I’d finally had enough. Staring up at the moon, I said the short, simple phrase that I’d been saying frequently over the month prior to that.

“I want to be weak. I want to be defenseless.”


Weak?

You’re most likely fairly confused as to what I meant by this. You see, I’ve realized something very important about my own mind.

Whenever I start to race through negative thoughts like that, I’ve come to understand that what I’m actually doing is defending myself. When I’m dwelling on the positive, thinking about how comforting that girl has been throughout the past four years, I’m able to be hurt if/when that comfort becomes no longer available to me (i.e. when she moves on to find someone else). But if I remind myself of the negatives, then I’ll be expecting the worst, and won’t feel as disappointed if that were to happen. By focusing on the negative, it’s my brain’s subconscious way of ensuring that I’m never vulnerable enough to be hurt again.

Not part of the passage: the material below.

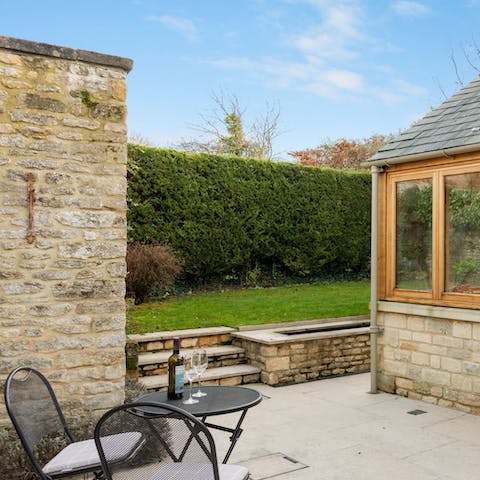 Start the morning with a cup of coffee on the patio as the birds chirrup in the hedges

The catch here is pretty obvious. I wanted, in that moment, to feel vulnerable. I was sick of allowing negative thoughts to continuously romp around in my head. I wanted to experience the love that I had read so much about – love for both that girl, and for life in general.

I wanted to be free from the shackles of my own negativity and fear.

And so, because my mind was trying to be logical and “strong” by reminding me of the negative moments from my past, I told it that I wanted to be “weak.” Because it was trying to defend me from the vulnerability that’s necessary to actually feel love, I asked it to let me be “defenseless,” if only for a moment.

You might disagree with my phrasing, but that doesn’t matter. All that matters is that, every time I’d uttered those words in the past, I had noticed a sudden change in my thought process. It always started with a gnawing feeling in my gut, telling me that something was amiss – like a bandage being ripped from a 19-year-old wound that had never healed. And this time was no different.

As those words left my lips, tears formed in my eyes.

I sat down on the gravel, defeatedly staring up at the sky and around at the hazy shadows that lurked within the dim moonlight. After a few minutes of doing so, I noticed myself beginning to feel different – slightly better, lighter, and not so alone in the world. My shadows were beginning to churn.